Title Professor, Dept. of Chicano/Latino Studies (& author)
Organization/Business University of California, Irvine

HIGHLIGHTS:
  • Son of Mexican immigrants, was born in Montebello, California and grew up in Simons, the company town of the Simons Brick Yard #3, bordering Montebello. Earned his B.A. from California State University, Los Angeles, and a M.A. and Ph.D. from Rutgers University. Morales is a professor in the Department of Chicano/Latino Studies at the University of California, Irvine.
  • Author of seven historical novels and three novellas, writing in both English and Spanish, which explore the Mexican American experience from Mexico to Southern California.

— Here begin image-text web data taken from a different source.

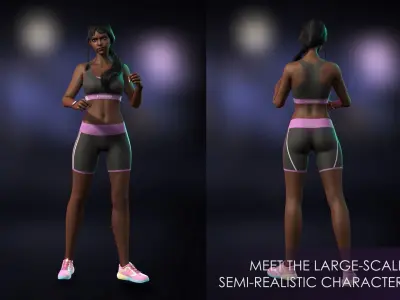 Streetwear Girl 2-17 - Sportswear Girls Pack Game-Ready Low-poly 3D model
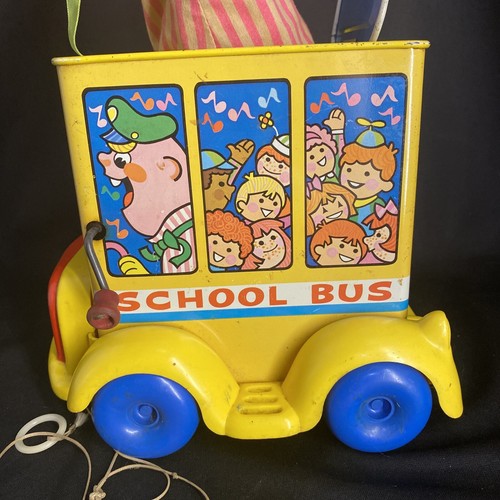 Vintage Mattel Trusty Tim School Bus Jack in The Box - Non Working - Picture 3 of 13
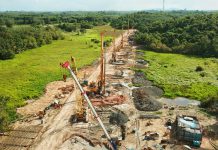 马东铁六分部11号特大桥桩基全部完成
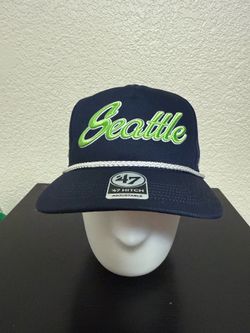 Seattle Seahawks NFL '47 Brand Overhand Hitch Adjustable Snapback Hat Cap Blue
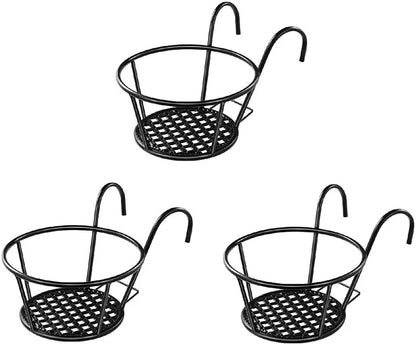 3 Pack Iron Art Hanging Baskets Flower Pot Holder Hanger Great for Patio Balcony Porch or Fence Planters Assemble Drop Shipping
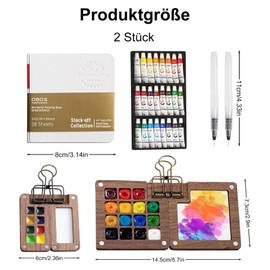Olgary Mini Aquarellkasten-24 Farben Malkasten Aquarell 2 Aquarellpaletten, Premium Holz Palette mit Reisebox aus Buchenholz,Magnetpalette mit Clip Mini-Holzpalettenbo Zusammenklappbare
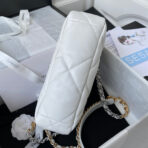 CC MEDIUM 26 FLAP BAG IN WHITE LAMBSKIN - Image 6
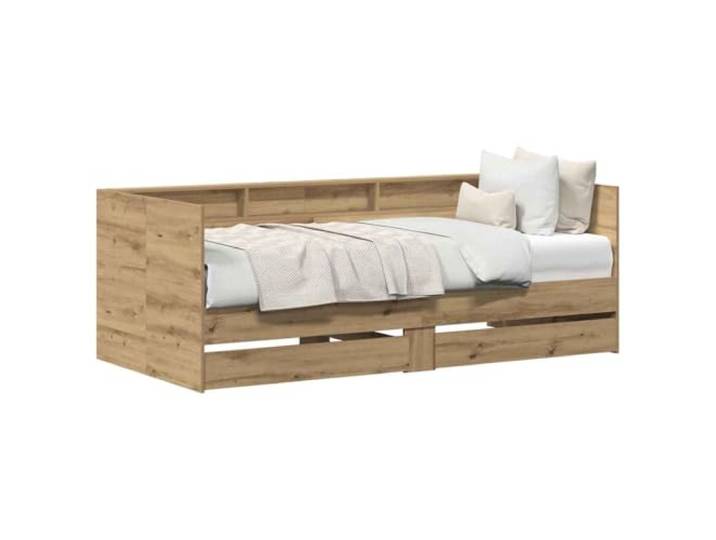 vidaXL Tagesbett mit Regal Artisan-Eiche 90 x 200 cm Holzwerkstoff Robuste Bauweise aus Holzwerkstoffen sorgt dafür, dass dieses Tagesbett super langlebig ist,
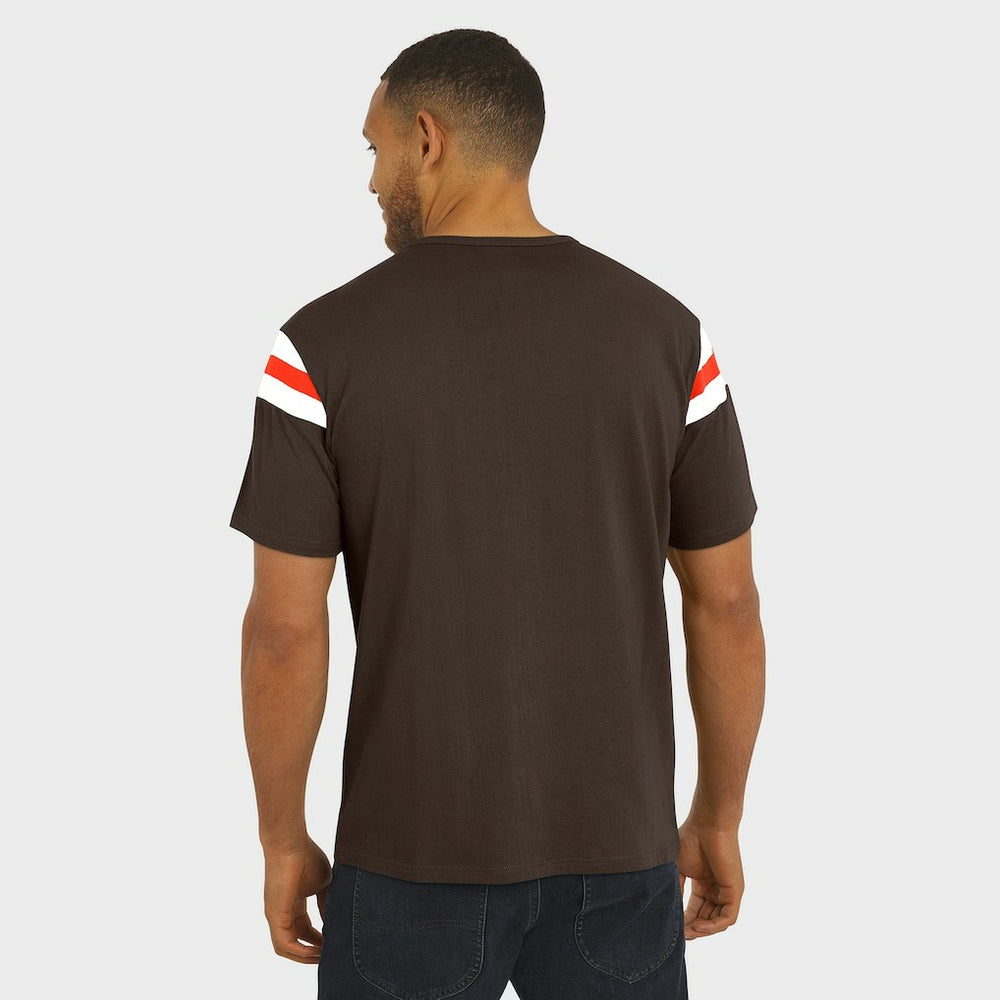 Cleveland Browns Darius Rucker Collection Football Stripe Sleeve T-Shirt - Brown cheap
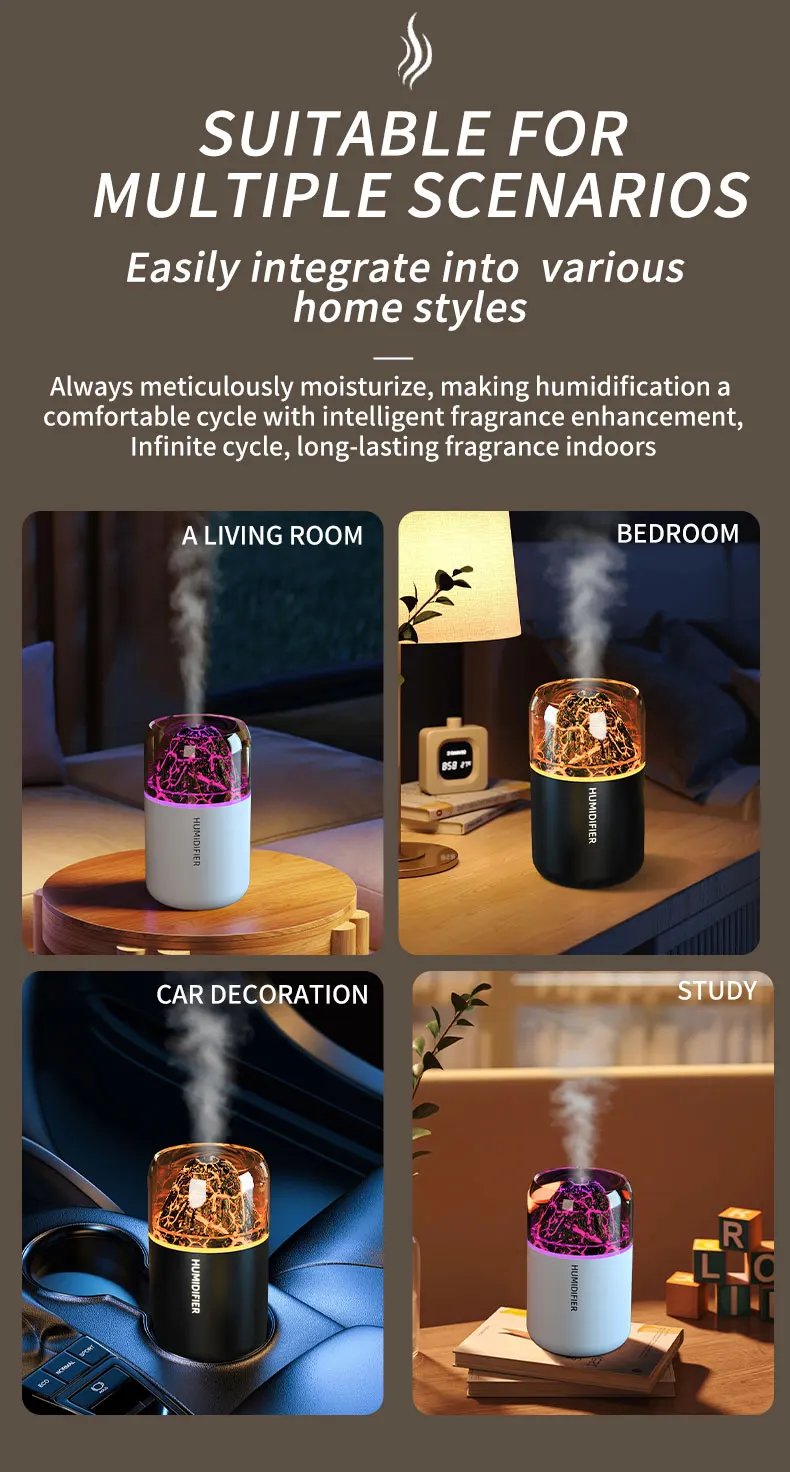 The simulated volcanic color lamp humidifier USB aromatherapy diffuser is suitable for use in cars, homes, bedrooms, as a gift, The simulated volcanic color lamp humidifier USB aromatherapy diffuser is suitable for use in cars, homes, bedrooms, as a gift,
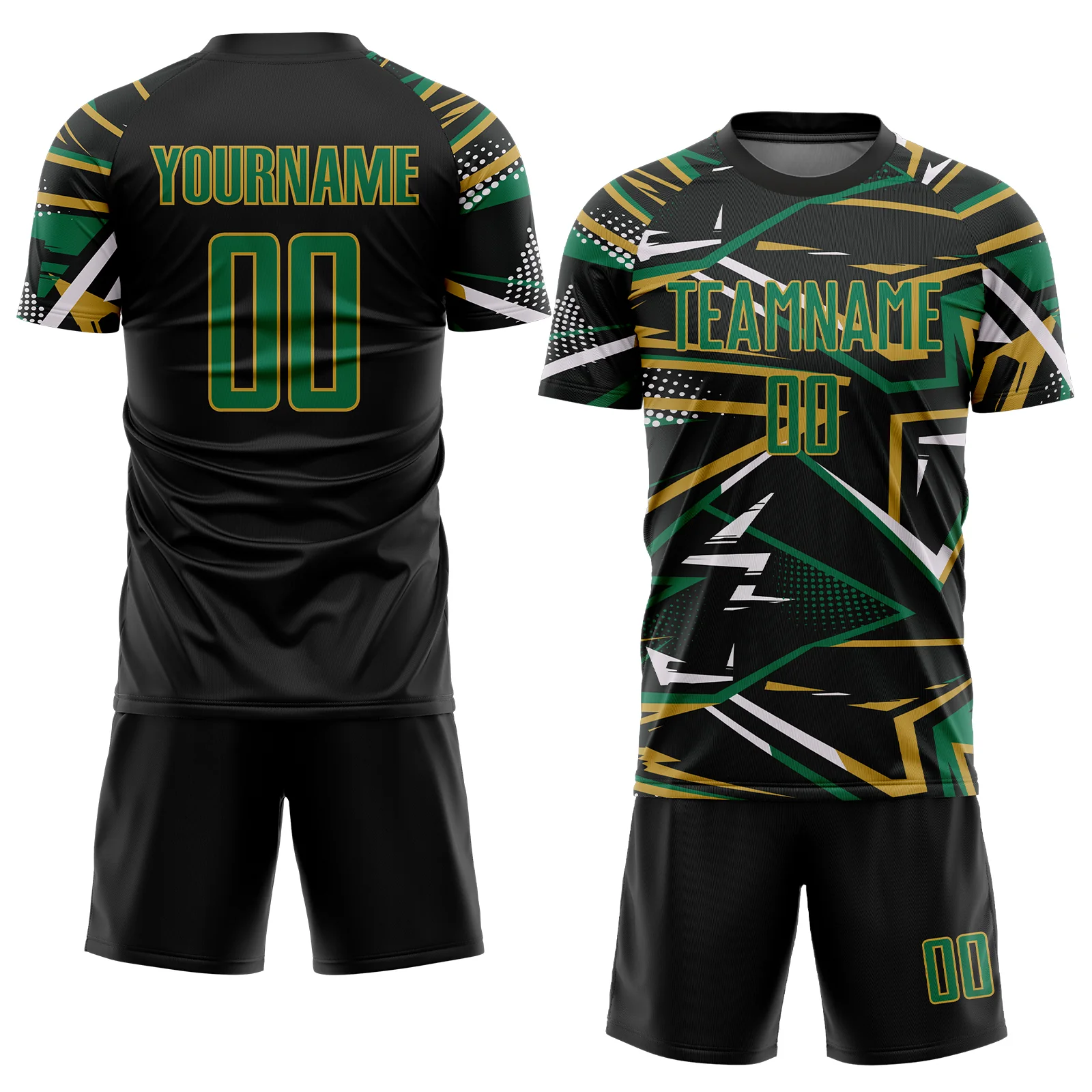 Custom Black Kelly Green Old Gold-White Abstract Geometric Stripes Sports Sublimation Soccer Uniform Jersey - Image 2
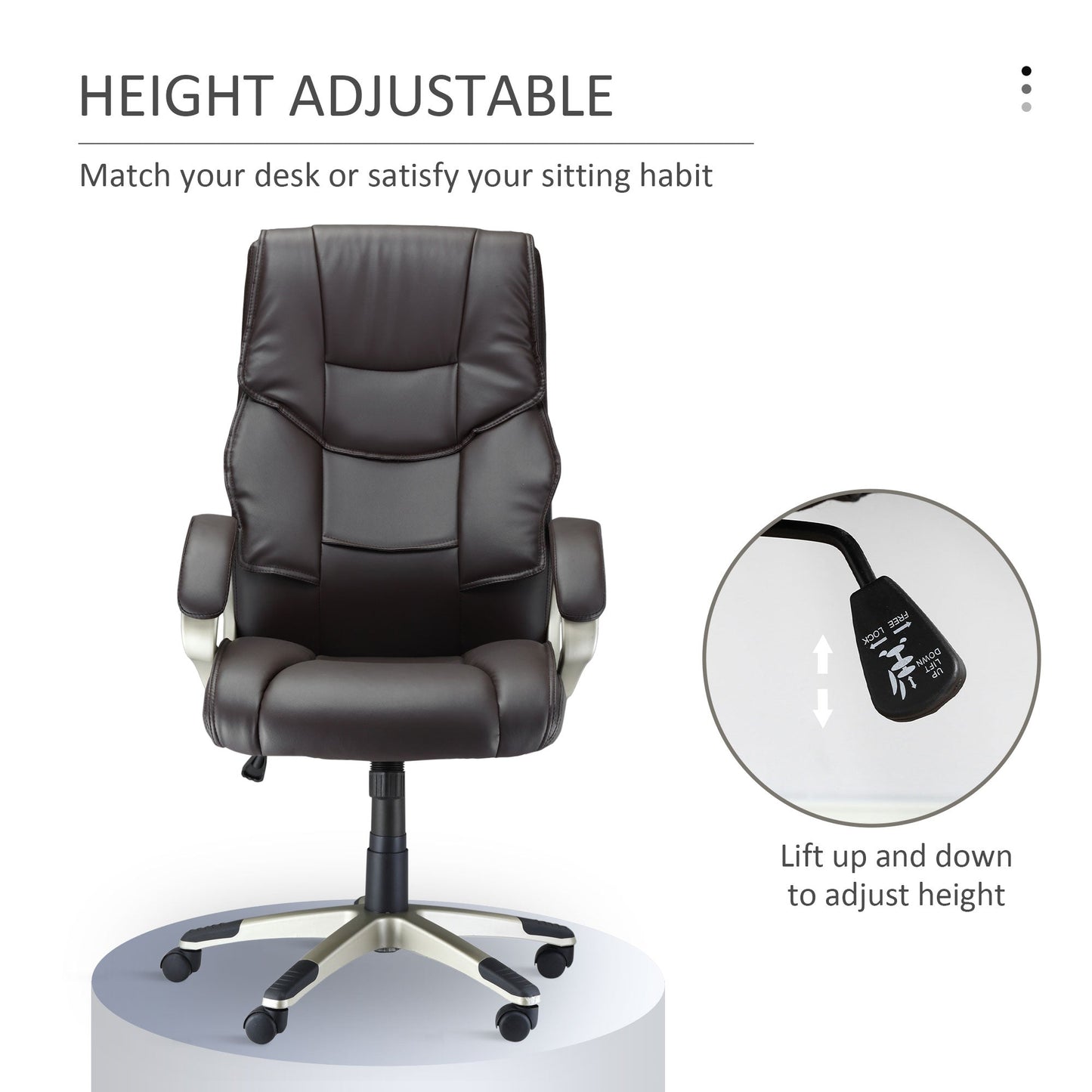 HOMCOM High Back Computer Office Chair Faux Leather Swivel Desk Chair with Adjustable Height Rocking Function Brown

His most recent novel, River of Angels, was published in 2013. His first two novels, written in Spanish, were the first to be published in Mexico by a Chicano writer.
  • His historical novel, The Brick People, tells the story of the Mexican immigrants who came to work at Simons Brickyard #3 in Los Angeles during the early part of the 20th century. At one time it was the largest brickyard in the world, shipping as many as one million bricks each day. The bricks they made literally built L.A.and the surrounding Southern California area. Morales and his daughter wrote the script for the 2012 documentary based on his book.
  • The documentary has now been shown in many universities and colleges, as well as Montebello High School, from where Professor Morales graduated in 1963. Morales currently mentors the Montebello students who are college bound.
  • Winner of the 2007 Luis Leal Award for Distinction in Chicano/Latino Literature from the University of California, Santa Barbara. The award recognizes Morales's contributions to Chicano/Latino literature and his accomplishments as a major American writer.The Leal organizer said of Morales "he is a true pioneer in Chicano literature and one of the most outstanding, powerful, and innovative writers on the Chicano experience."
  • In 2013 the Stanford University Libraries acquired Morales's collection of original manuscripts, articles, research notes and professional papers. He is currently working on three projects: a new novel, a collection of short stories, and a book of poetry.